The privatization of the city’s public maritime domain of the Dalieh affected the site’s ecological wealth, diverse topographical, and geological features.
“I started taking shots of Beirut’s slow ‘disappearance’ until it reached ultimate absence,” Kassatly told Annahar.
As an ethnologist, Kassatly has long been interested in Lebanon’s cultural and environmental heritage.
“We cannot look at our history without examining the issue of the refugees, from Armenians, Palestinians, and Syrians. The country never managed the refugee crisis,” emphasized Kassatly, speaking about the second exhibition “Refugee’s camps, the unsustainable precariousness,” which will run between April 7 and May 23. “What is provisional for some, is permanent for others, so I thought of collecting and documenting this memory,” she said.

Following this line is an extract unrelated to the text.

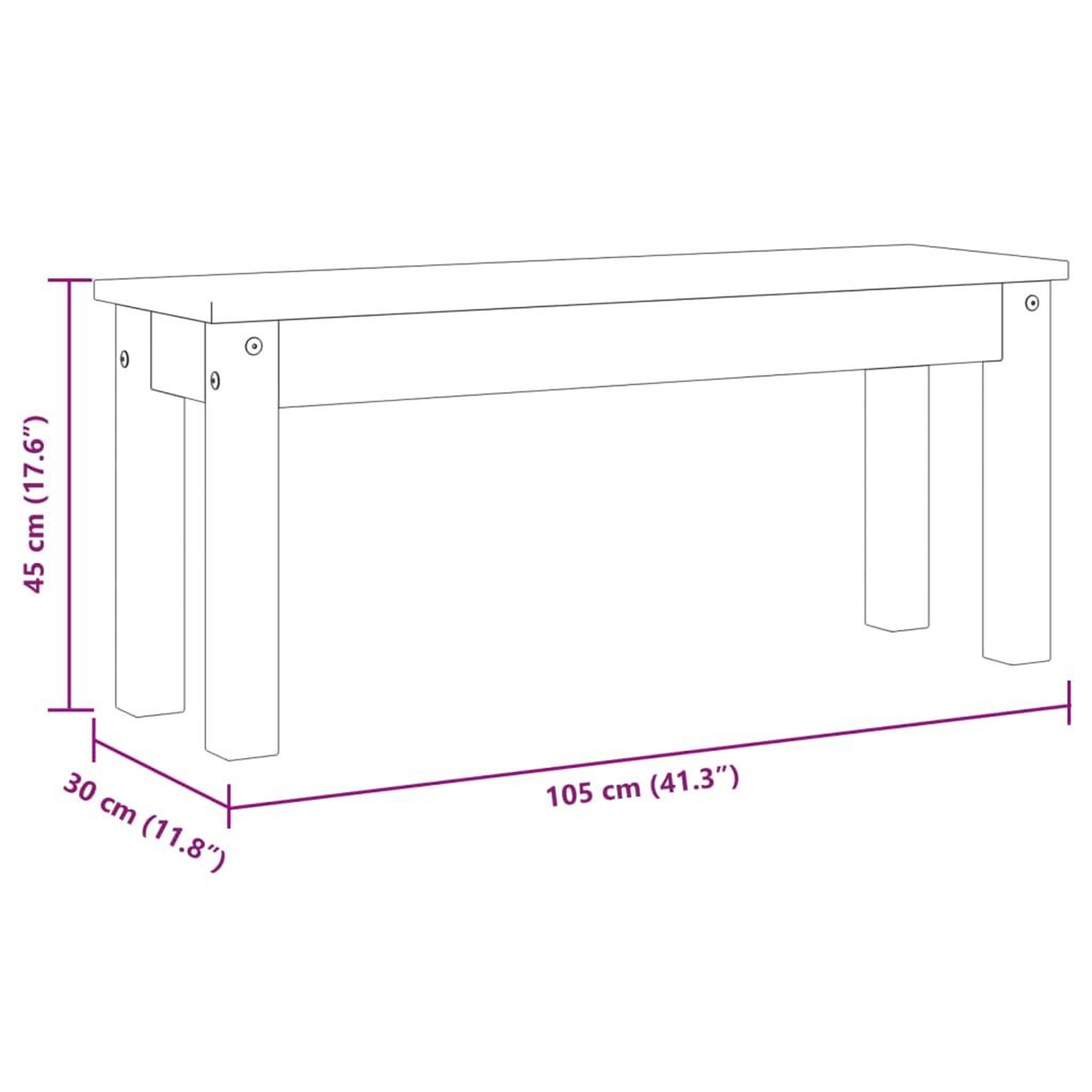 Voir la diapositive 6 : VIDAXL Banc a manger Panama blanc 105x30x45 cm bois massif de pin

Mogabgab concurred, adding that many people prefer to stay blindfolded in front of the refugees’ issue.
“Some even told me they wouldn’t come to the refugees’ exhibition. See how hostile people can be? Art has to reduce hostility,” said the gallery’s owner.

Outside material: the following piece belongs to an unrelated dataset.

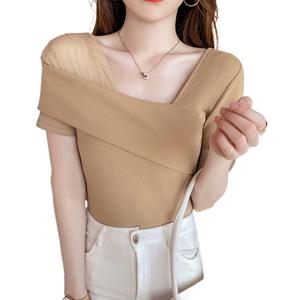 Summer New Sexy Stylish Mesh Patchwork Short Sleeve Top Niche Versatile Off-Shoulder Base Shirt T-Shirt Trendy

The third exhibition, “Tripoli of the Orient; Plural City,” is scheduled to take place between June 9 and July 25. Kassatly explained that this exhibition reminds her of the late journalist Samir Kassir.
“Samir Kassir, my former editor at L’Orient-Express, and I had plans for a project about Tripoli. Kassir is gone, but I revived his will to highlight Tripoli’s rich heritage, which is also my will,” Kassatly told Annahar.
Kassatly described her photography style as simple and clean, with no photo editing or cropping. This serves to preserve the subject’s human dimension.
“I only use my camera, and pay meticulous attention to the natural lighting,” she said.
The cluster of shots around Tripoli’s heritage will be followed by a fourth exhibition, “Sacred Trees, Sacrificed Trees,” between September 15 and October 31. The last exhibition will take place between November 10 and December 26 and is titled “Beirut, the Iconography of an Absence.”
“Beirut remains the guideline for my work,” said Kassatly, smiling.
She added that she complements her photography work with academic publications and research.
During the opening ceremony, Kassatly launched a book titled “Of earth and human hands, the construction of a Syrian domed house,” in collaboration with Arcenciel and the British Council. The book focuses on the traditional houses in the region, their architecture, and their structure. It also allows people who read it to re-create domed houses, if they follow the technical steps included in the book.